→ **DATA**:
++++++++++++++++++++

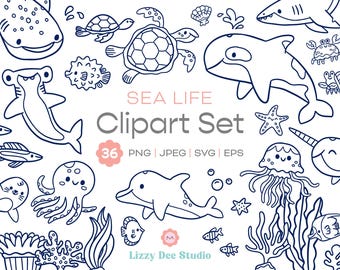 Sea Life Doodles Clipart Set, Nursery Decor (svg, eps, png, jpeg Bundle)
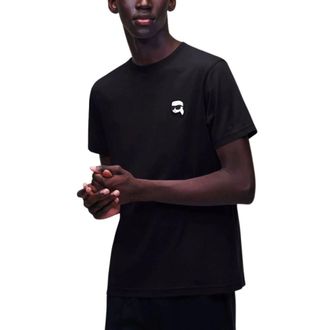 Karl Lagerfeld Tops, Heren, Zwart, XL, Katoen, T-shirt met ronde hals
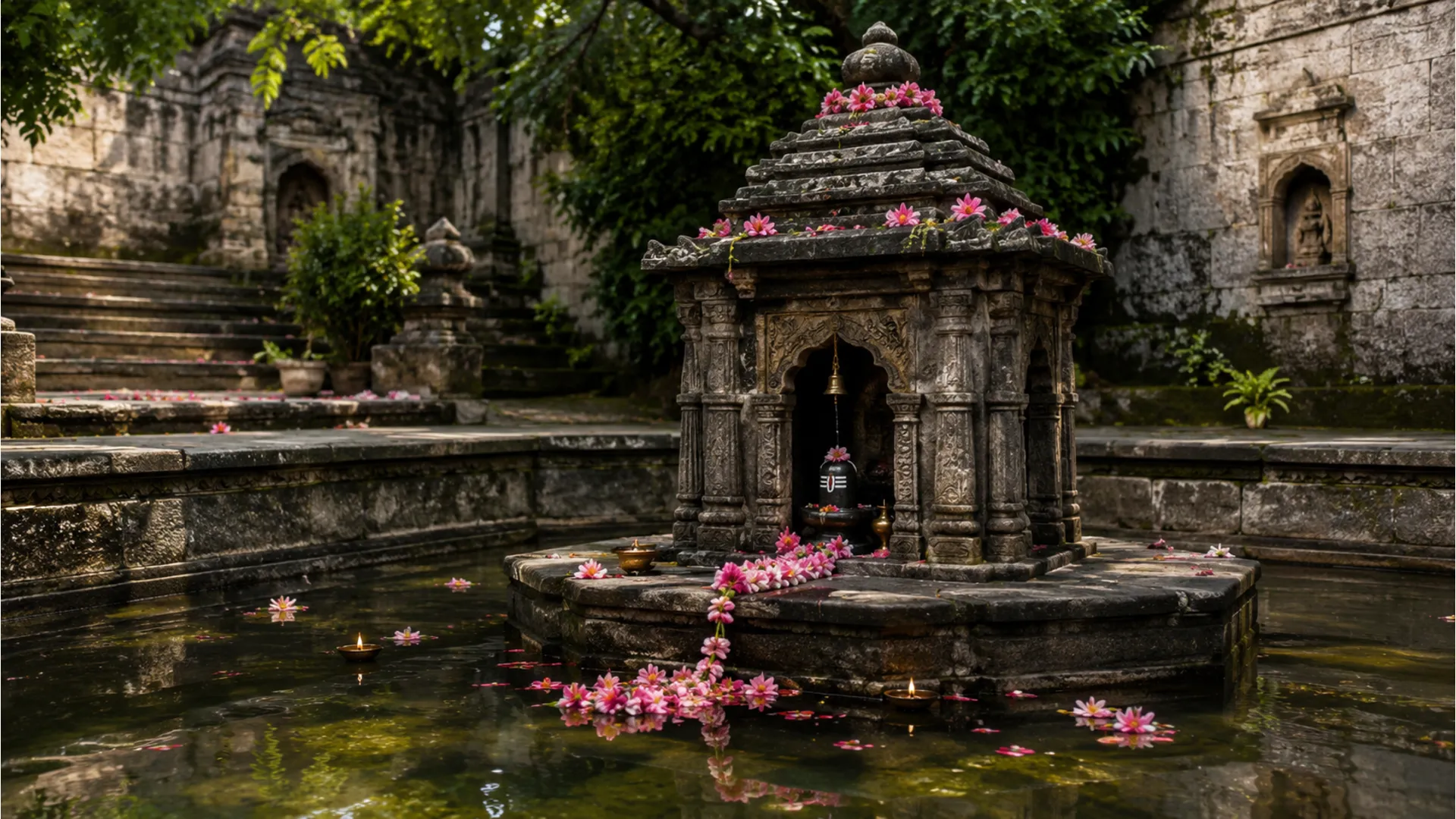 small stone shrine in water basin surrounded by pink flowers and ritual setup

++++++++++++++++++++

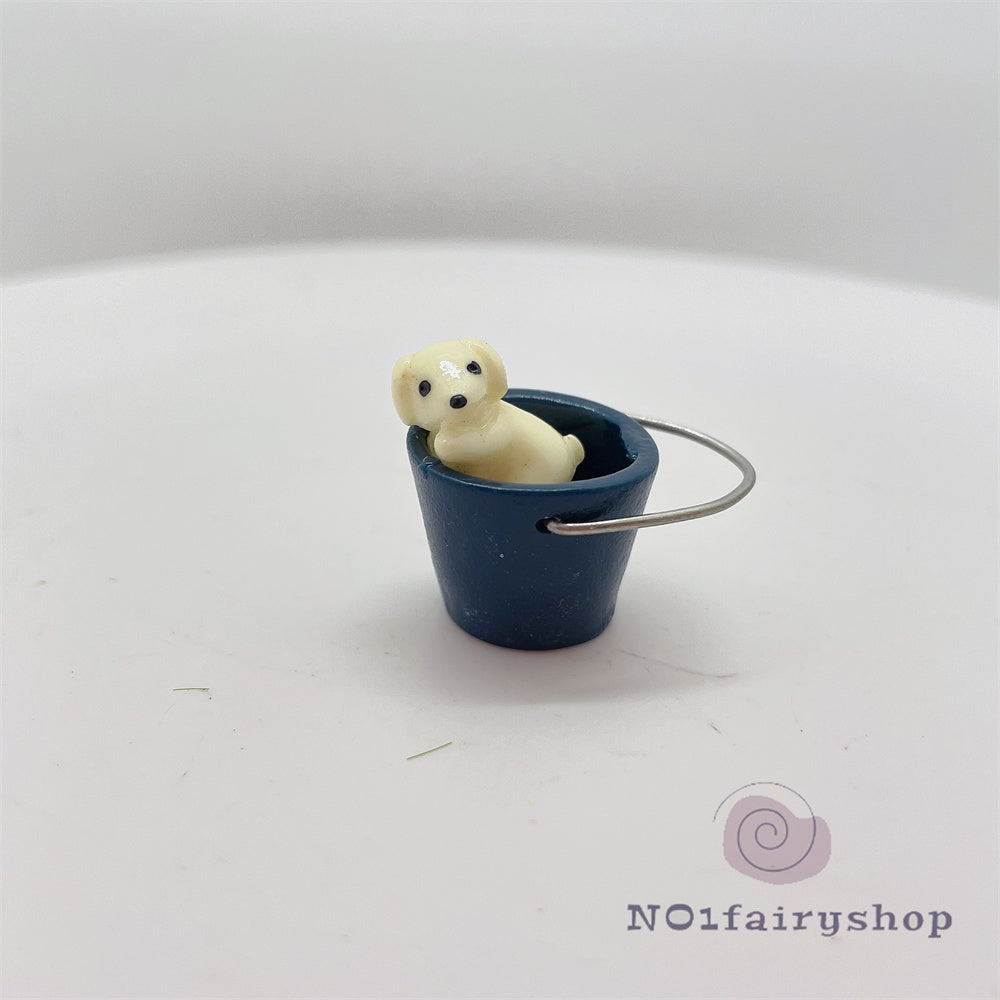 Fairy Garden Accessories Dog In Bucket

++++++++++++++++++++

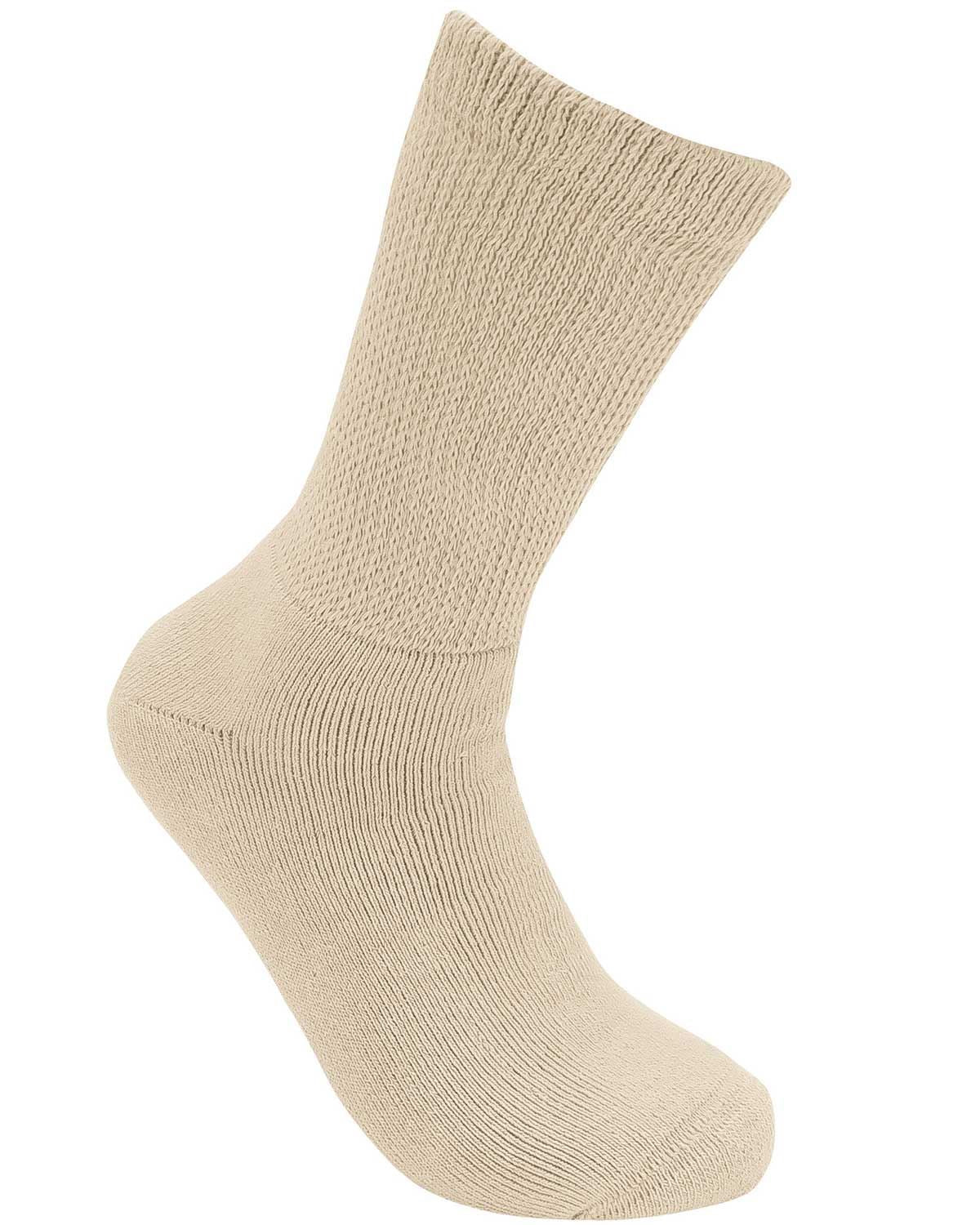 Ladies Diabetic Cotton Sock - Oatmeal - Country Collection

++++++++++++++++++++

→ **AIM OF THE TASK**:
From the entries above, copy exactly the lines starting at the one with "Sea Life Doodles" and stopping at the one with "small stone shrine", keeping both ends. Drop the pictures.

→ **WRITTEN SOLUTION**:
 Sea Life Doodles Clipart Set, Nursery Decor (svg, eps, png, jpeg Bundle)
 Karl Lagerfeld Tops, Heren, Zwart, XL, Katoen, T-shirt met ronde hals
 small stone shrine in water basin surrounded by pink flowers and ritual setup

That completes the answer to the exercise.